SaFeR-Steer: Evolving Multi-Turn MLLMs via Synthetic Bootstrapping and Feedback Dynamics

New framework improves Qwen-VL safety scores from 12% to 55% against multi-turn attacks.

Deep Dive

A research team led by Haolong Hu has introduced SaFeR-Steer, a novel framework designed to address the critical vulnerability of multimodal large language models (MLLMs) in multi-turn conversations. Current safety alignment methods primarily use single-turn data, creating a dangerous mismatch as attackers can escalate harmful intent across multiple interactions.
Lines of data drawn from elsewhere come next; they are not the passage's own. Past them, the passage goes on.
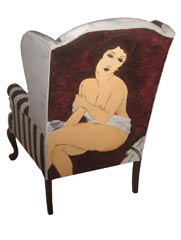 modigliani back of chair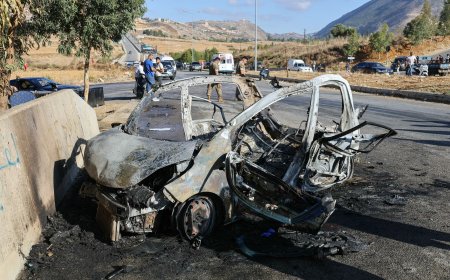 غارة إسرائيلية على سيارة في النبطية تسفر عن قتيلين وعدد من الجرحى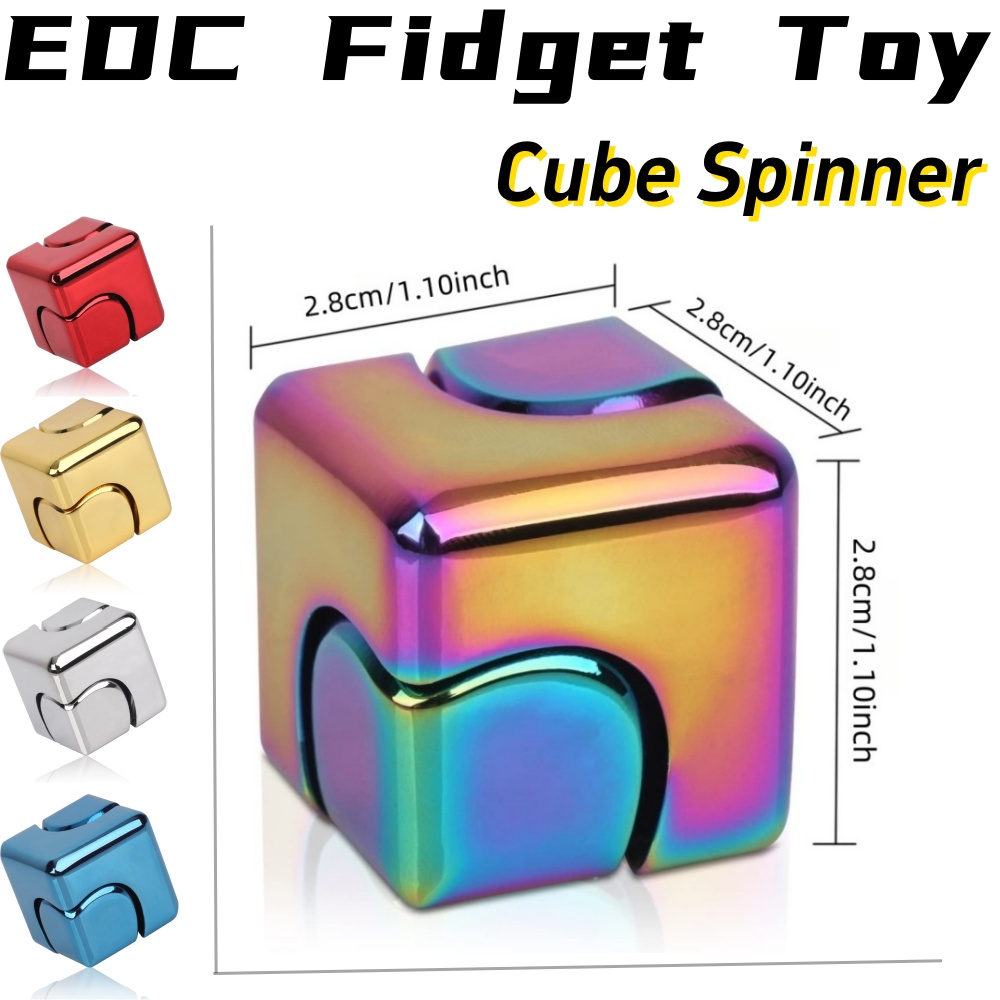 メタルフィジェットスピナーキューブおもちゃ 大人、ティーン向 - Cool Office Tech Gadgets のレビューと価格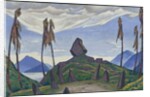 Backdrop for Stravinsky's ballet, 'Le Sacre du Printemps', 1930 by Nicholas Roerich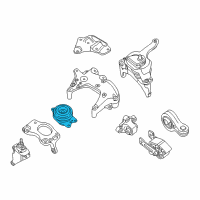 OEM 2015 Nissan Altima Engine Mounting Insulator Assembly, Front Left Diagram - 11220-3TA0B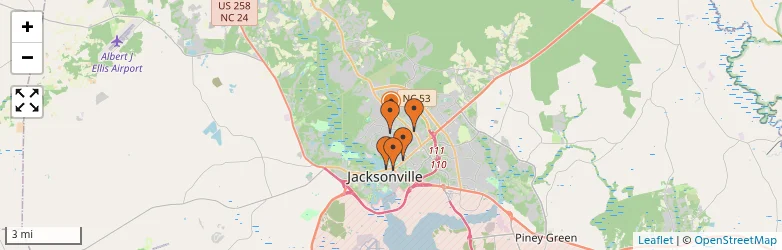 Related schools map
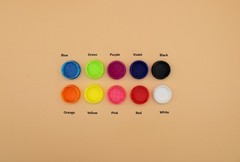 Flexible Combo Size 3ml & 5/10/20ml Vial Caps – Set of 10 – Assorted Colors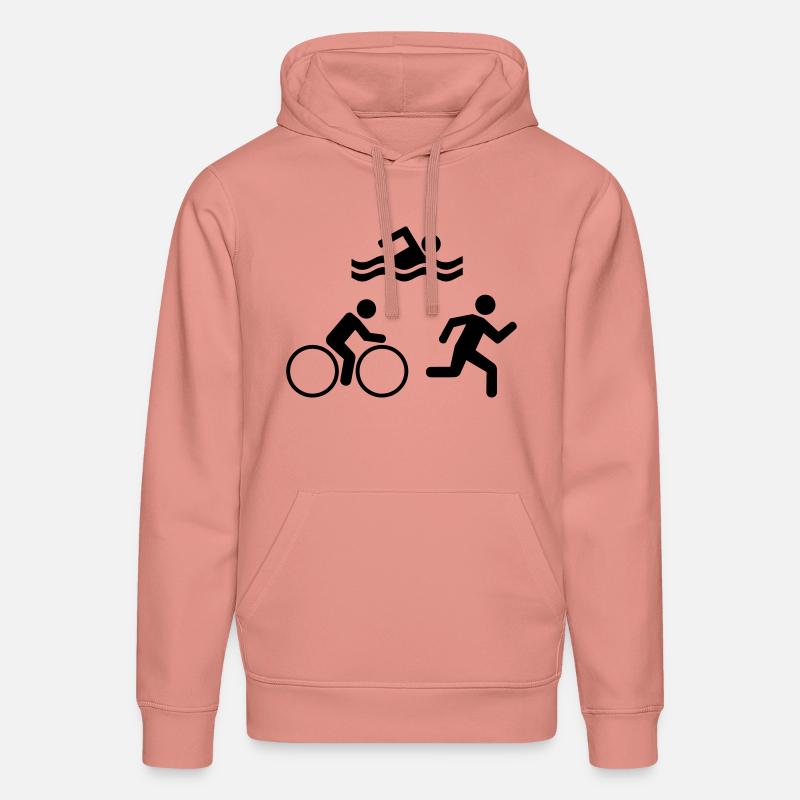 Triathlon - Sweat à capuche bio DRUMMER Stanley/Stella Unisexe - rose poudré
SaFeR-Steer bridges this gap through staged synthetic bootstrapping combined with tutor-in-the-loop GRPO (Group Relative Policy Optimization), training a single student model under adaptive, on-policy attacks that evolve throughout conversations.

The framework introduces TCSR (Trajectory Cumulative Safety Reward), a key innovation that propagates late-turn safety failures back to earlier turns in the dialogue, enabling more effective learning from multi-turn attack patterns. When applied to Qwen2.5-VL models, the results were dramatic: the 3B parameter version saw multi-turn safety scores jump from 12.55% to 55.58%, while the 7B model improved from 24.66% to 64.89%. These improvements came alongside maintained or enhanced helpfulness scores.

To support this research, the team released the comprehensive STEER dataset, containing 18,161 multi-turn dialogues across three subsets: STEER-SFT (12,934 dialogues) for supervised fine-tuning, STEER-RL (2,000) for reinforcement learning, and STEER-Bench (3,227) for evaluation. The dataset spans conversations of 2-10 turns, specifically designed to train and benchmark models against the type of progressive safety attacks that current single-turn alignment misses completely.

Key Points
  • Improved Qwen2.5-VL-7B multi-turn safety from 24.66% to 64.89% using synthetic attack training
  • Released STEER dataset with 18,161 multi-turn dialogues spanning 2-10 turns for safety benchmarking
  • Introduced TCSR reward mechanism that propagates late-turn safety failures to earlier conversation turns

Why It Matters

Enables safer deployment of multimodal AI assistants in real conversations where attackers use progressive manipulation tactics.